**What needs to be done**
Beneath this line are entries. Copy the range from the line with "Bild Tierpark Wismar" to the line with "2023 MINI Cooper S Base", ends included, exactly; leave pictures out.

=== Begin Enclosure ===

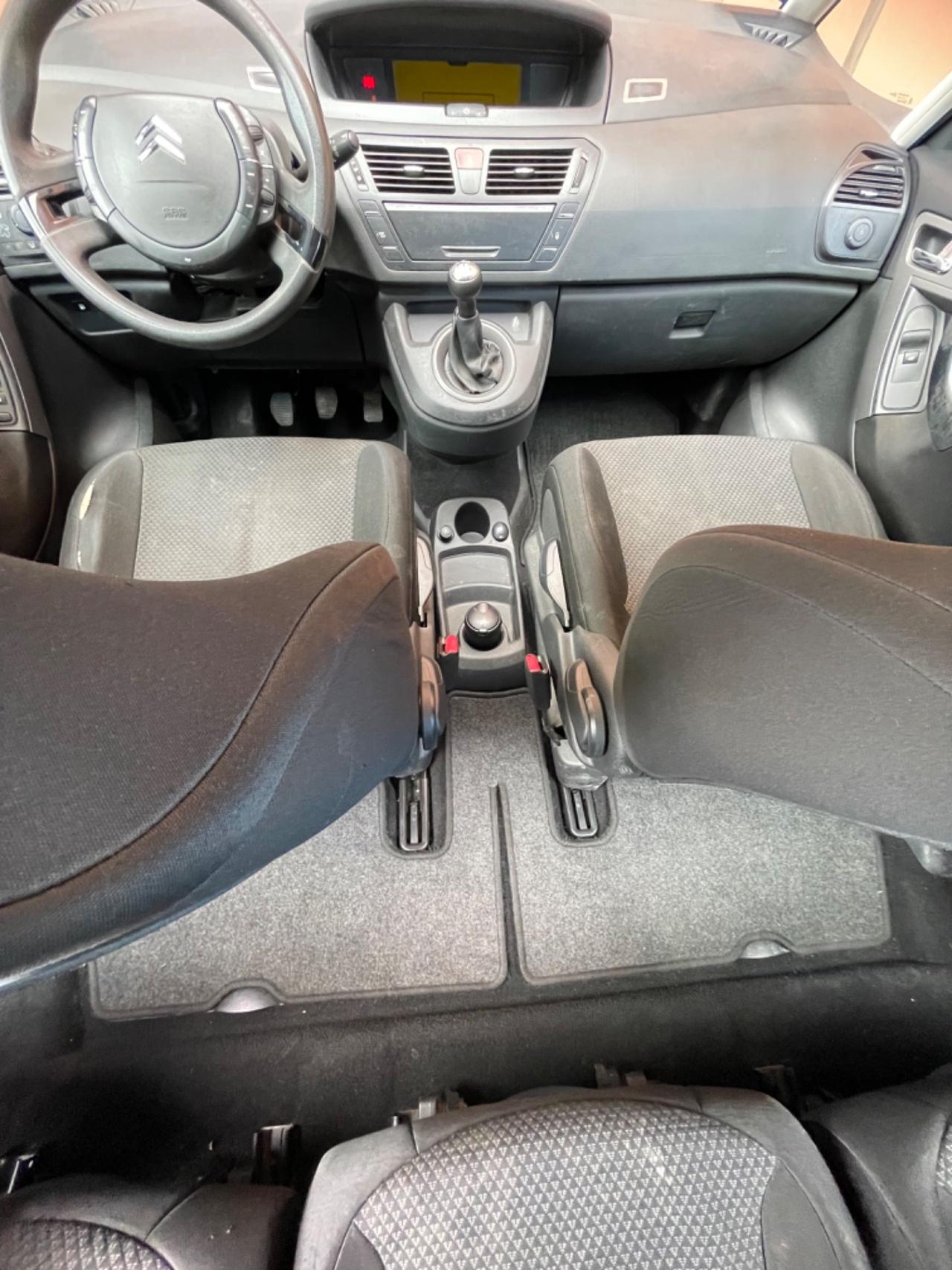 Citroen C4 Picasso No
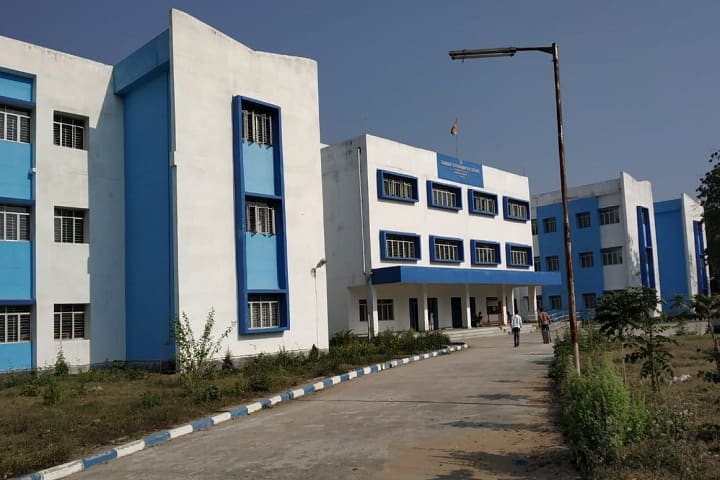 Ranaghat Government Polytechnic campus in Nadia, West Bengal, India — photo 1
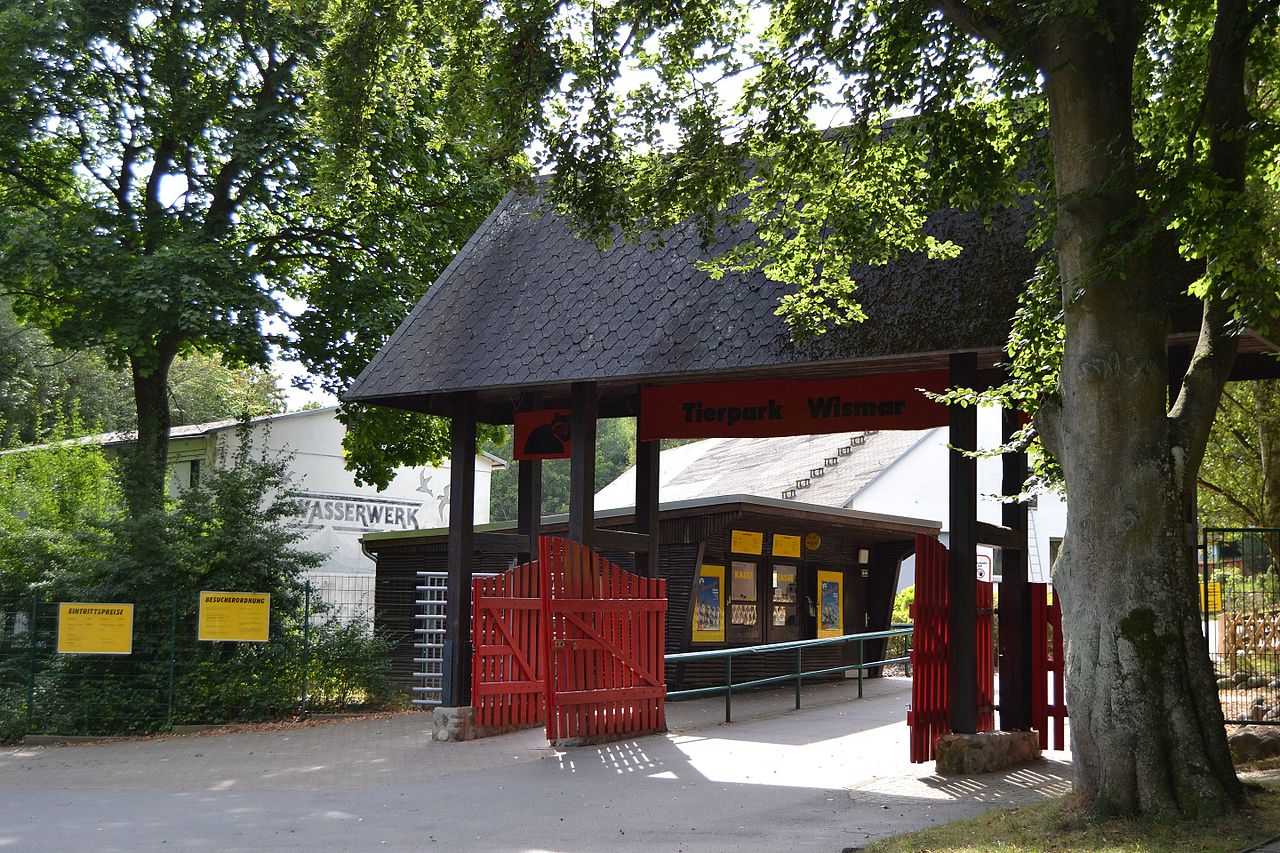 Bild Tierpark Wismar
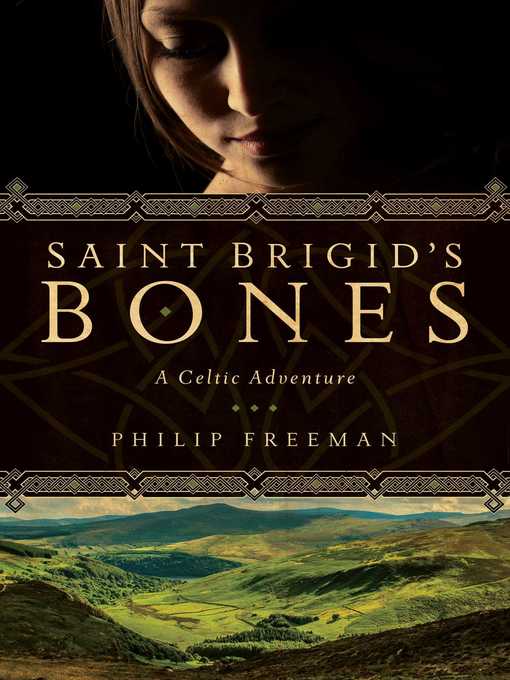 Cover image for Saint Brigid's Bones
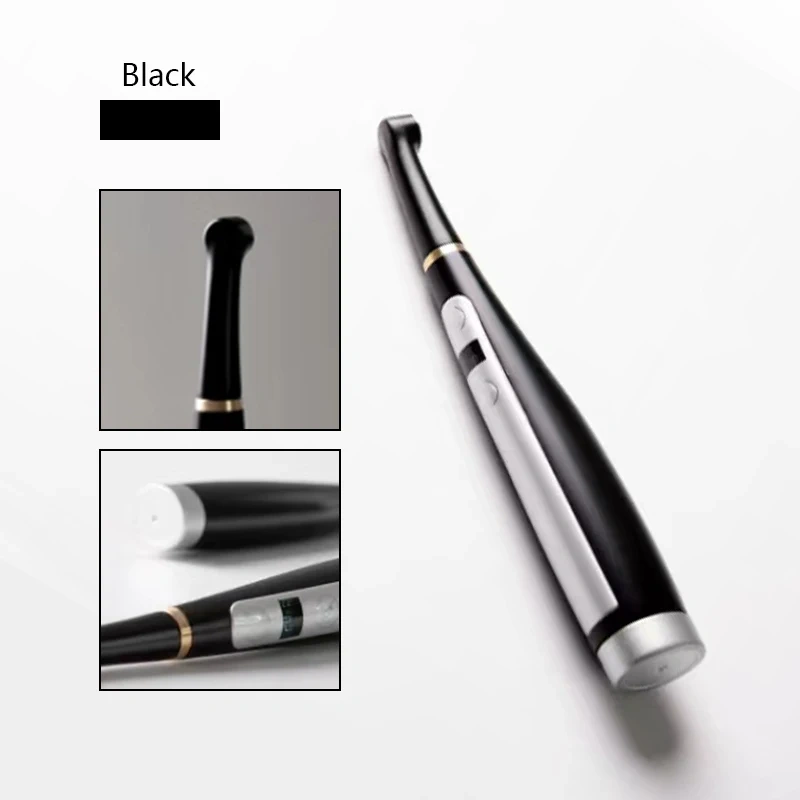 VV Nail Curing Light Metal1 Second Body Caries Detection Built Composites Resin Wireless curing Battery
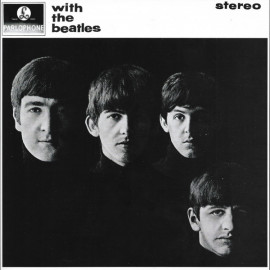 LP The Beatles: With The Beatles
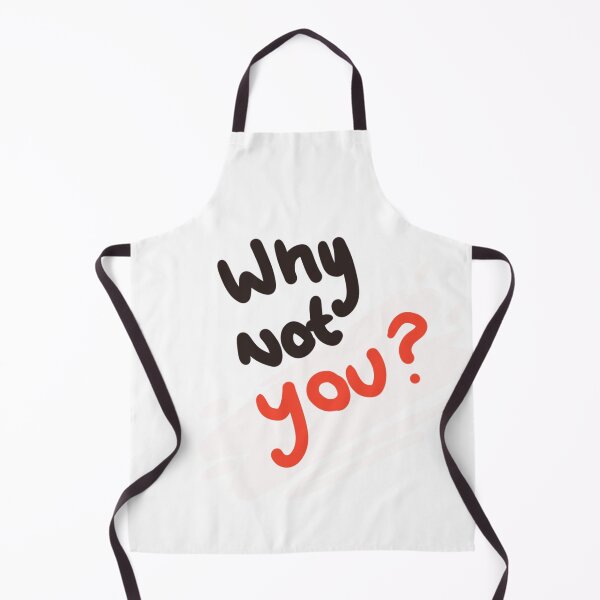 Item preview, Why not you sticker designed and sold by Barrbu.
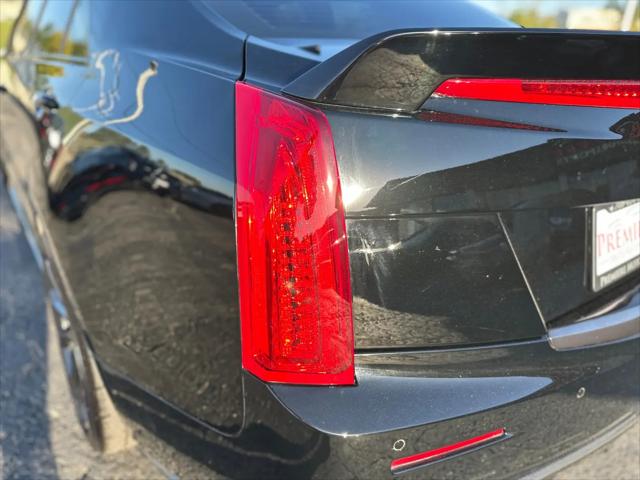 2017 Cadillac ATS-V Standard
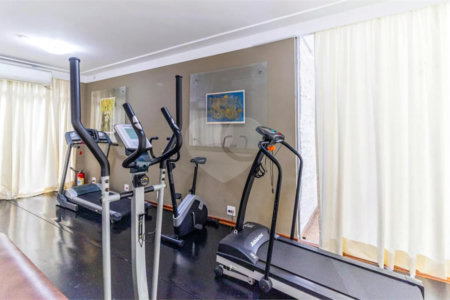 Apartamento à venda com 167m², 3 quartos e 2 vagas
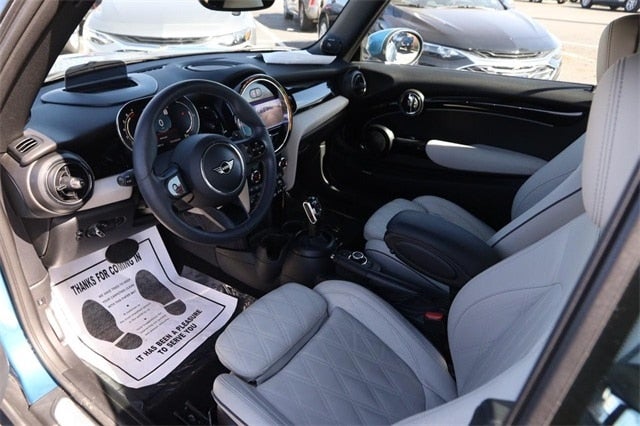 2023 MINI Cooper S Base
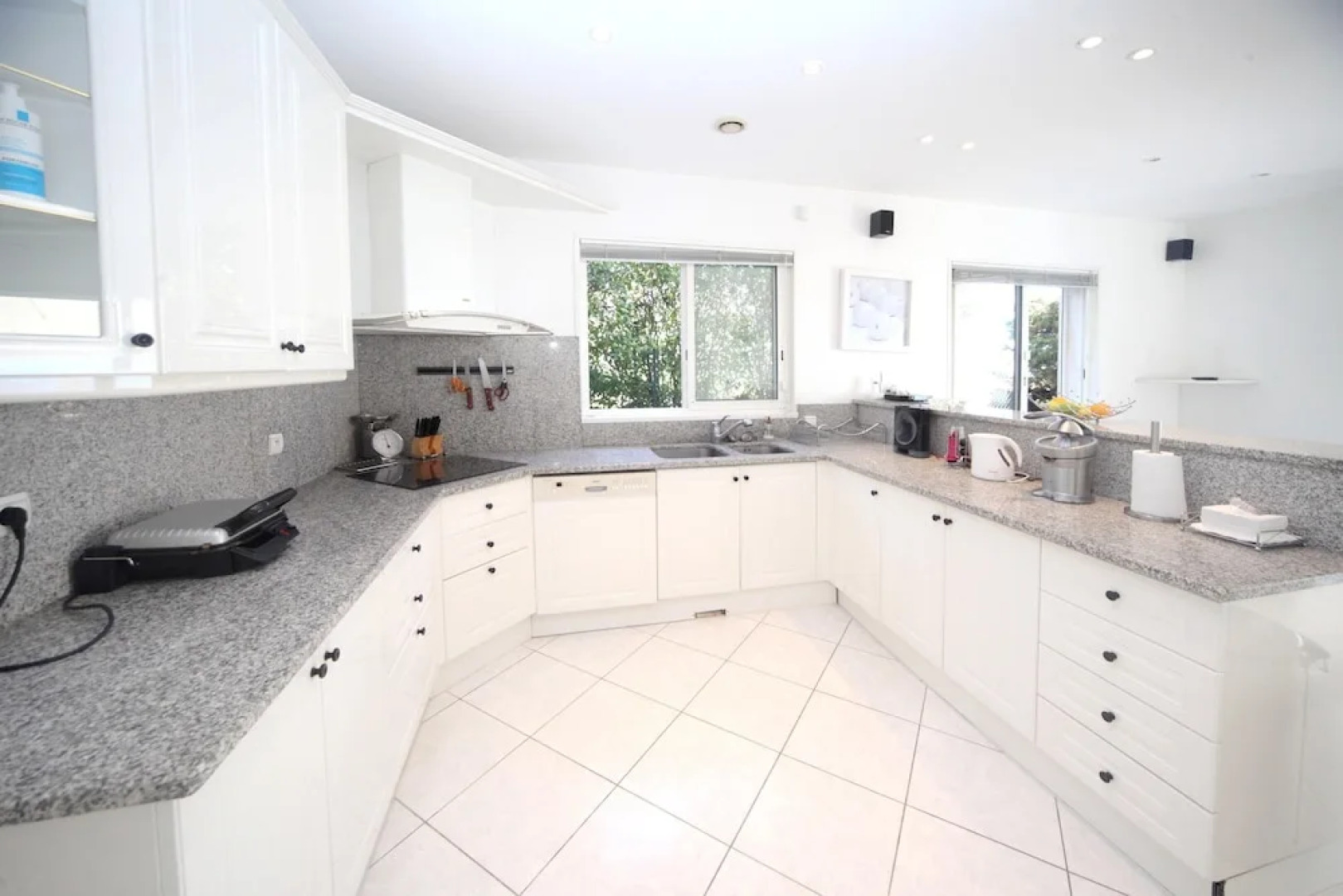 Villa With 4 Bedrooms in Beausoleil, With Wonderful sea View, Private Pool, Furnished Terrace - 3 km From the Beach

=== End Enclosure ===

**Written solution**
 Bild Tierpark Wismar
 Cover image for Saint Brigid's Bones
 VV Nail Curing Light Metal1 Second Body Caries Detection Built Composites Resin Wireless curing Battery
 LP The Beatles: With The Beatles
 Item preview, Why not you sticker designed and sold by Barrbu.
 2017 Cadillac ATS-V Standard
 Apartamento à venda com 167m², 3 quartos e 2 vagas
 2023 MINI Cooper S Base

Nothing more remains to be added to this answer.